● WORK ORDER: Reproduce the entries that follow exactly, dropping each image.

──────

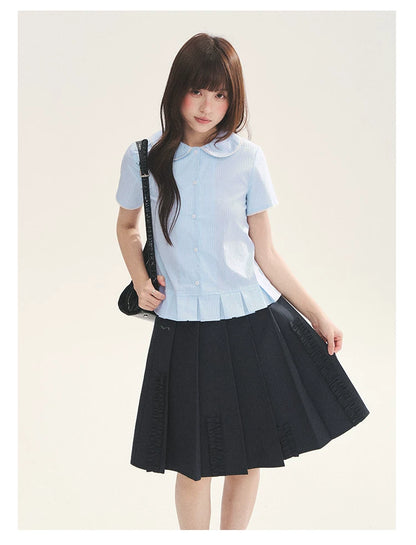 "Citrus Sea Salt" Stripe Lace Peter Pan Collar Pleated Shirt (White Blue / Blue White)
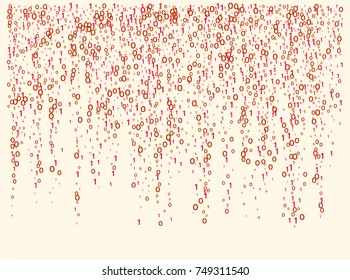 Cyber Monday Confetti. Computer Technology Futuristic Background. Virtual Reality, Digital Database, Big Data Global Network. Falling Down Binary Circuit. Female Programmers Pink Cyber Monday Confetti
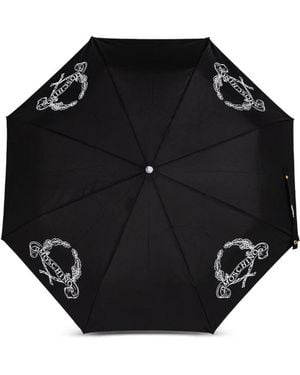 Moschino Laurel Crown Logo Openclose Umbrella - Black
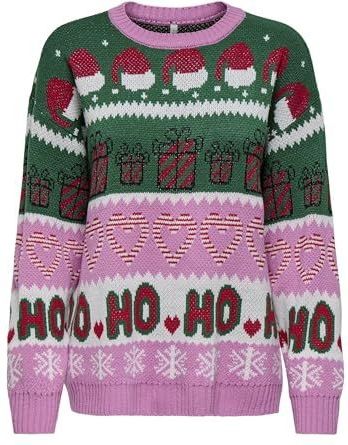 Trui met ronde hals in grof tricot ONLY. Acryl materiaal. Maten M. Groen kleur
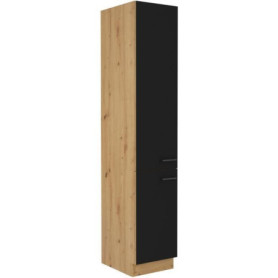 Colonne de Rangement MODENA - 2 Portes en Chêne Artisan et Noir Mat - 40 x 57 x 210 cm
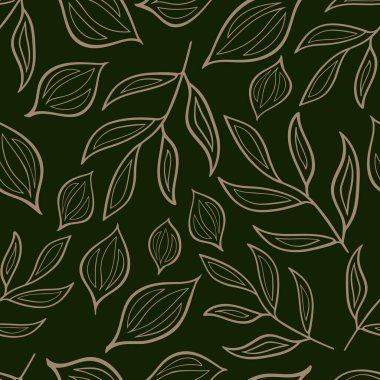 Kusursuz bir geçmişi var. Koyu yeşil arka planda bir kontur yaprağı deseni. Kumaş desenleri, hediye ambalajı, dekorasyon. Serbest çizim. Vektör illüstrasyonu.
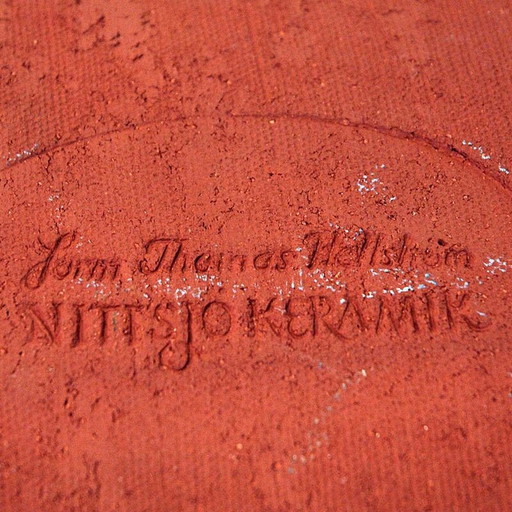 Vintage clay plate by Thomas Hellström for Nittsjö Keramik, Sweden 1960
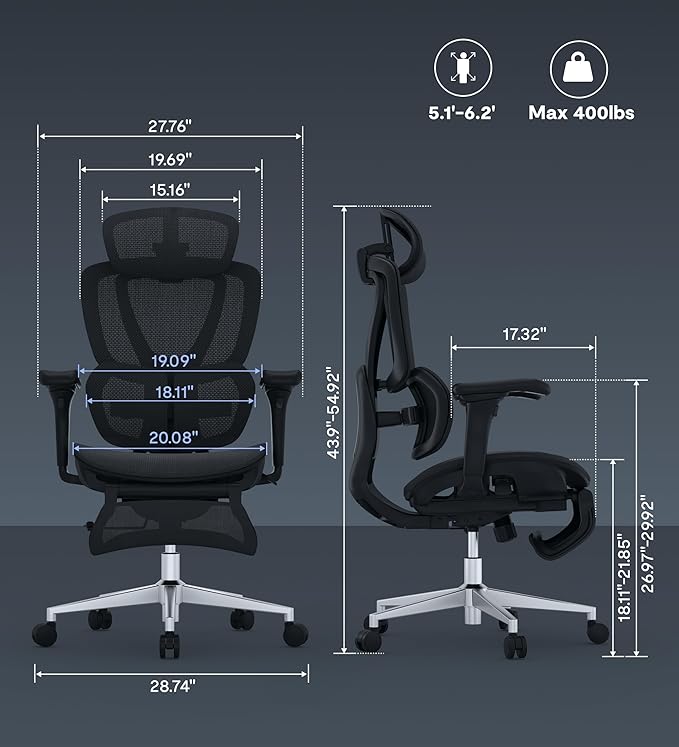 FLEXISPOT Sentinel Ergonomic Office Chair with Dual-Wing Adaptive Lumbar 3D Armrests 3-Position Recline up to 120° Height-Adjustable Backrest Premium Mesh Computer Desk Chair for Home &amp Office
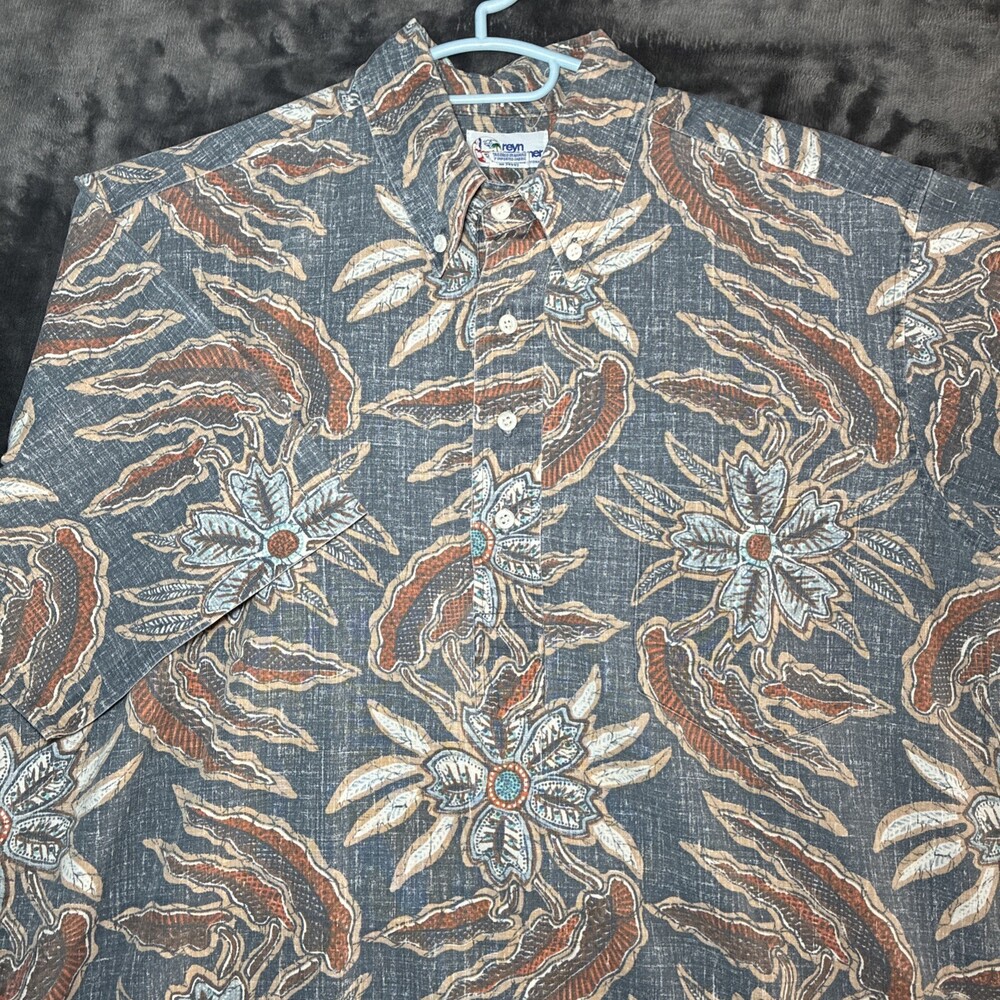 Vintage Reyn Spooner Hawaiian Shirt Mens Large Floral Button Popover Tropical
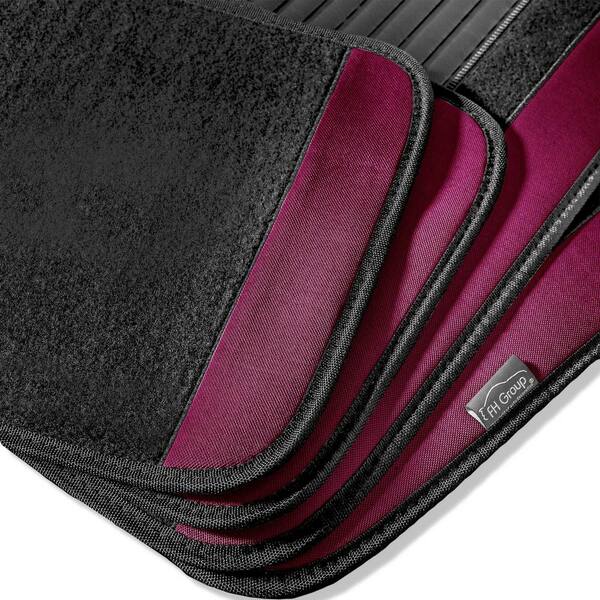 FH Group 4-Piece Burgundy Universal Carpet Floor Mat Liners with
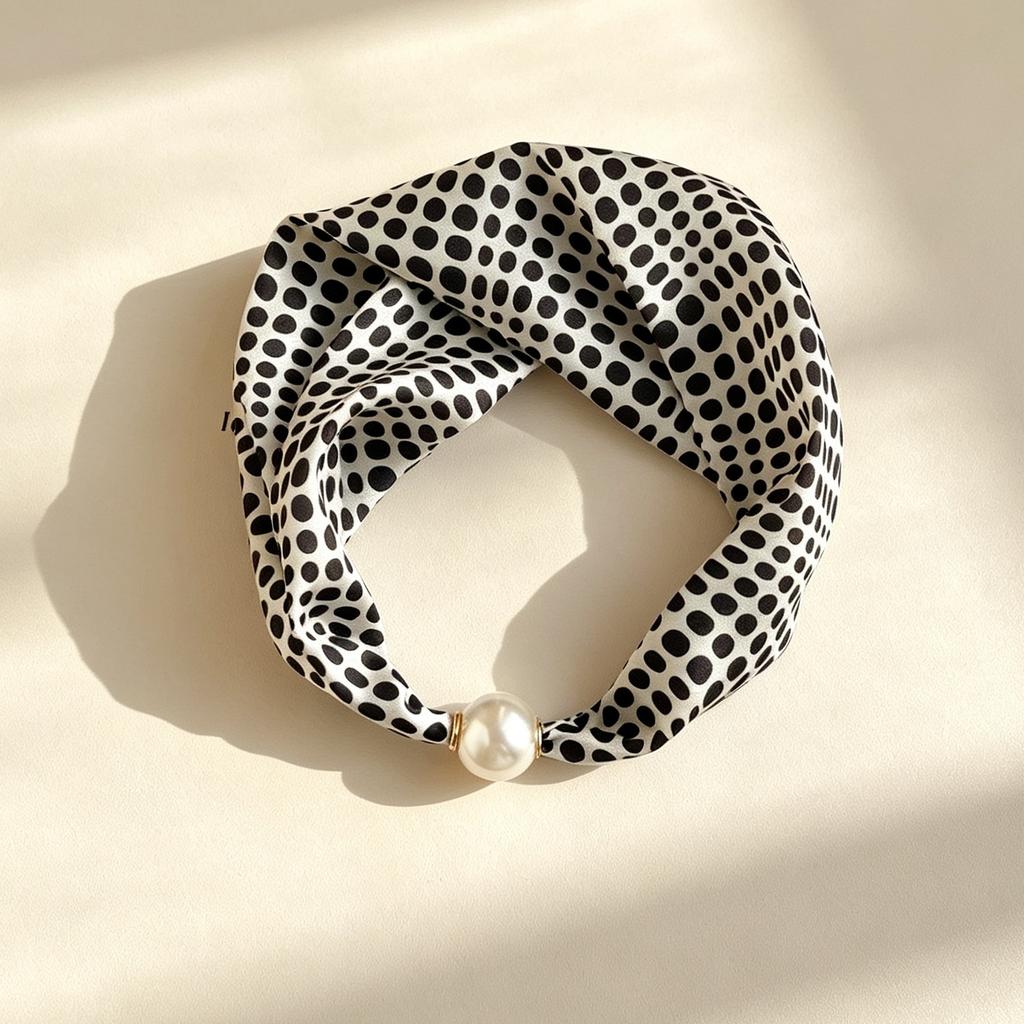 New retro pearl magnetic buckle small silk scarf women's high-end satin printed scarf summer versatile small scarf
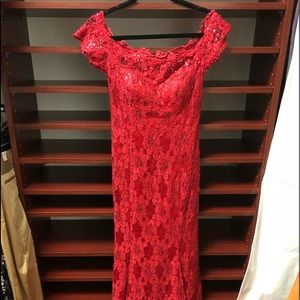 Red sequin formal gown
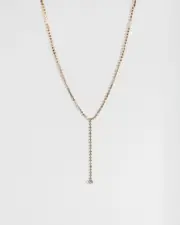 Gold Crystal Lariat Necklace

──────

● SOLUTION FOR THIS PROBLEM:
 "Citrus Sea Salt" Stripe Lace Peter Pan Collar Pleated Shirt (White Blue / Blue White)
 Cyber Monday Confetti. Computer Technology Futuristic Background. Virtual Reality, Digital Database, Big Data Global Network. Falling Down Binary Circuit. Female Programmers Pink Cyber Monday Confetti
 Moschino Laurel Crown Logo Openclose Umbrella - Black
 Trui met ronde hals in grof tricot ONLY. Acryl materiaal. Maten M. Groen kleur
 Colonne de Rangement MODENA - 2 Portes en Chêne Artisan et Noir Mat - 40 x 57 x 210 cm
 Kusursuz bir geçmişi var. Koyu yeşil arka planda bir kontur yaprağı deseni. Kumaş desenleri, hediye ambalajı, dekorasyon. Serbest çizim. Vektör illüstrasyonu.
 Vintage clay plate by Thomas Hellström for Nittsjö Keramik, Sweden 1960
 FLEXISPOT Sentinel Ergonomic Office Chair with Dual-Wing Adaptive Lumbar 3D Armrests 3-Position Recline up to 120° Height-Adjustable Backrest Premium Mesh Computer Desk Chair for Home &amp Office
 Vintage Reyn Spooner Hawaiian Shirt Mens Large Floral Button Popover Tropical
 FH Group 4-Piece Burgundy Universal Carpet Floor Mat Liners with
 New retro pearl magnetic buckle small silk scarf women's high-end satin printed scarf summer versatile small scarf
 Red sequin formal gown
 Gold Crystal Lariat Necklace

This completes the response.